### Source records
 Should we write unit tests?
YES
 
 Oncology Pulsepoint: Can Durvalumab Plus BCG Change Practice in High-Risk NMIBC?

==

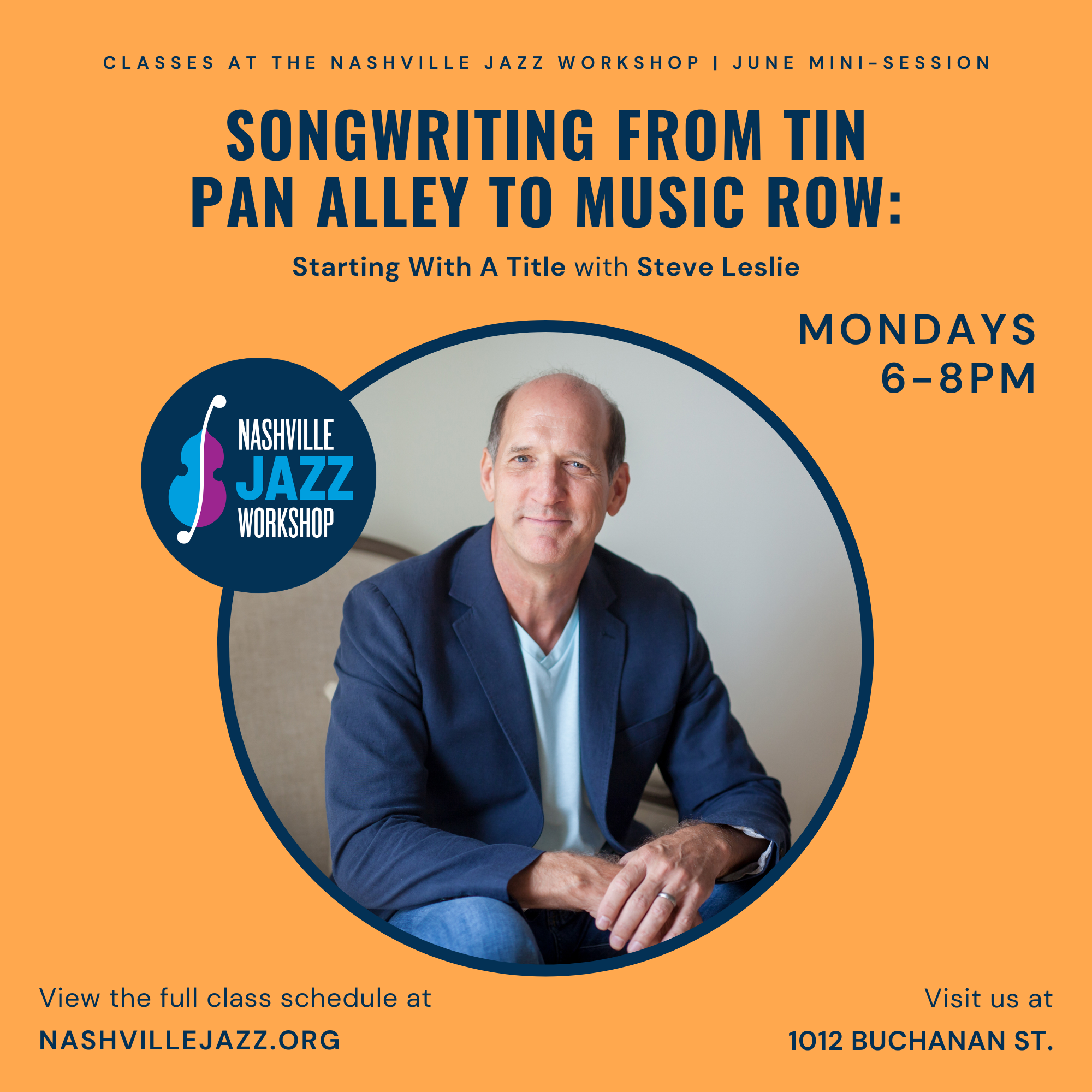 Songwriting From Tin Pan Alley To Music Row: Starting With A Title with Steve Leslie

### Prompt
Start with the line above that contains "Should we write unit tests?" and stop after the line that contains "Oncology Pulsepoint: Can". Output those lines exactly, and only those.

### Task response
 Should we write unit tests?
YES
 
 Oncology Pulsepoint: Can Durvalumab Plus BCG Change Practice in High-Risk NMIBC?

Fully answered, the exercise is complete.